Btrfs: extent_map and data=ordered fixes for space balancing

* Add an EXTENT_BOUNDARY state bit to keep the writepage code
from merging data extents that are in the process of being
relocated.  This allows us to do accounting for them properly.

* The balancing code relocates data extents indepdent of the underlying
inode.  The extent_map code was modified to properly account for
things moving around (invalidating extent_map caches in the inode).

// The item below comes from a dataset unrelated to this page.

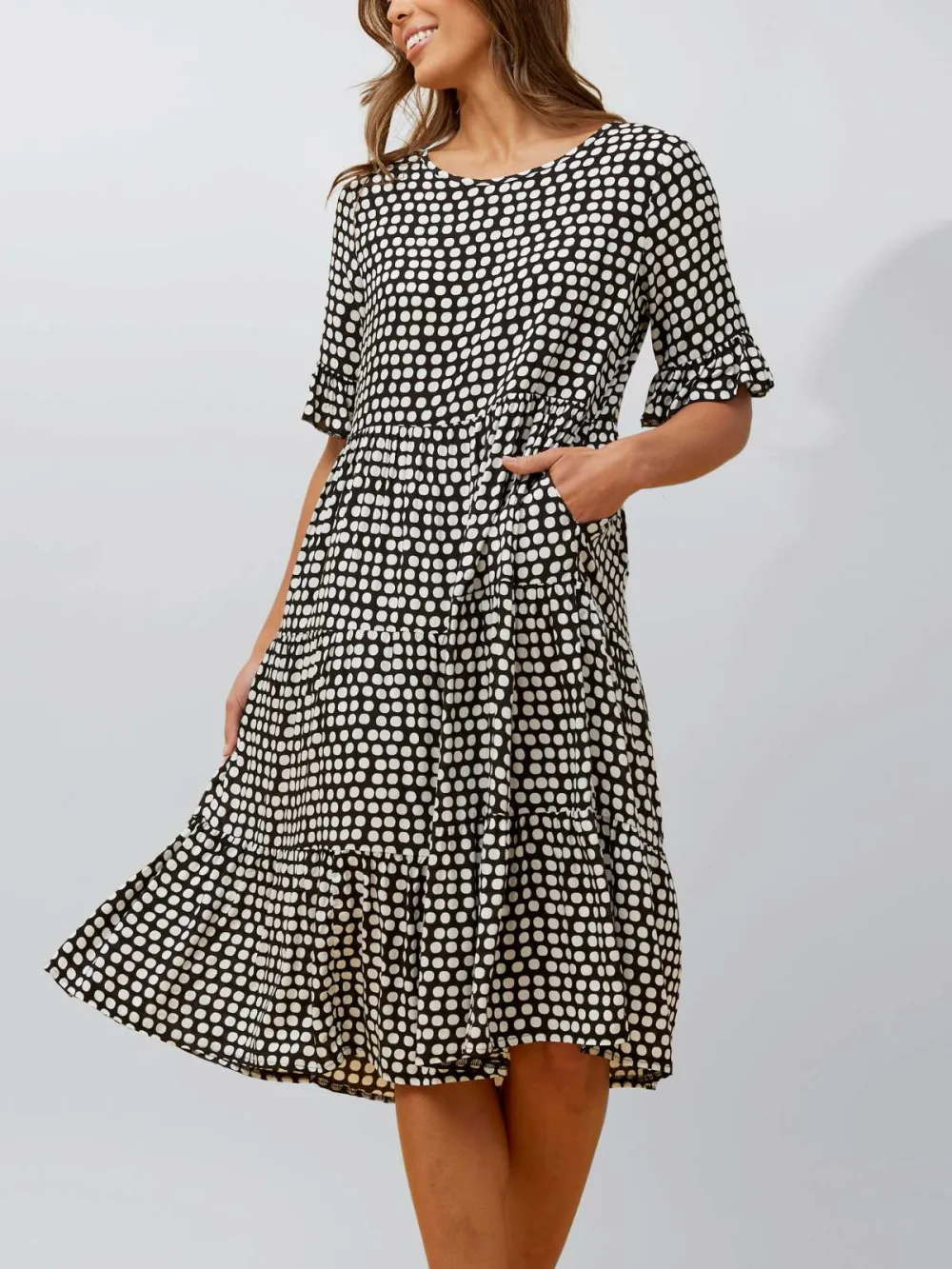 Annick - Vanessa Midi Dress A-Line Polka Dot Tiered Skirt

* Don't take the drop_mutex in the create_subvol ioctl.  It isn't
required.

* Fix walking of the ordered extent list to avoid races with sys_unlink

* Change the lock ordering rules.  Transaction start goes outside
the drop_mutex.  This allows btrfs_commit_transaction to directly
drop the relocation trees.

Signed-off-by: Chris Mason <chris.mason@oracle.com>
diff --git a/fs/btrfs/file.c b/fs/btrfs/file.c
index 8856570..1b7e51a 100644
--- a/fs/btrfs/file.c
+++ b/fs/btrfs/file.c
@@ -294,7 +294,7 @@
 						       last_pos_in_file,
 						       0, 0, hole_size, 0);
 			btrfs_drop_extent_cache(inode, last_pos_in_file,
-					last_pos_in_file + hole_size -1);
+					last_pos_in_file + hole_size - 1, 0);
 			mutex_unlock(&BTRFS_I(inode)->extent_mutex);
 			btrfs_check_file(root, inode);
 		}
@@ -337,7 +337,7 @@
 		inline_size -= start_pos;
 		err = insert_inline_extent(trans, root, inode, start_pos,
 					   inline_size, pages, 0, num_pages);
-		btrfs_drop_extent_cache(inode, start_pos, aligned_end - 1);
+		btrfs_drop_extent_cache(inode, start_pos, aligned_end - 1, 0);
 		BUG_ON(err);
 		mutex_unlock(&BTRFS_I(inode)->extent_mutex);
 
@@ -362,7 +362,8 @@
 	return err;
 }
 
-int noinline btrfs_drop_extent_cache(struct inode *inode, u64 start, u64 end)
+int btrfs_drop_extent_cache(struct inode *inode, u64 start, u64 end,
+			    int skip_pinned)
 {
 	struct extent_map *em;
 	struct extent_map *split = NULL;
@@ -371,6 +372,7 @@
 	u64 len = end - start + 1;
 	int ret;
 	int testend = 1;
+	unsigned long flags;
 
 	WARN_ON(end < start);
 	if (end == (u64)-1) {
@@ -389,6 +391,23 @@
 			spin_unlock(&em_tree->lock);
 			break;
 		}
+		flags = em->flags;
+		if (skip_pinned && test_bit(EXTENT_FLAG_PINNED, &em->flags)) {
+			spin_unlock(&em_tree->lock);
+			if (em->start <= start &&
+			    (!testend || em->start + em->len >= start + len)) {
+				free_extent_map(em);
+				break;
+			}
+			if (start < em->start) {
+				len = em->start - start;
+			} else {
+				len = start + len - (em->start + em->len);
+				start = em->start + em->len;
+			}
+			free_extent_map(em);
+			continue;
+		}
 		clear_bit(EXTENT_FLAG_PINNED, &em->flags);
 		remove_extent_mapping(em_tree, em);
 
@@ -398,7 +417,7 @@
 			split->len = start - em->start;
 			split->block_start = em->block_start;
 			split->bdev = em->bdev;
-			split->flags = em->flags;
+			split->flags = flags;
 			ret = add_extent_mapping(em_tree, split);
 			BUG_ON(ret);
 			free_extent_map(split);
@@ -412,7 +431,7 @@
 			split->start = start + len;
 			split->len = em->start + em->len - (start + len);
 			split->bdev = em->bdev;
-			split->flags = em->flags;
+			split->flags = flags;
 
 			split->block_start = em->block_start + diff;
 
@@ -541,7 +560,7 @@
 	int recow;
 	int ret;
 
-	btrfs_drop_extent_cache(inode, start, end - 1);
+	btrfs_drop_extent_cache(inode, start, end - 1, 0);
 
 	path = btrfs_alloc_path();
 	if (!path)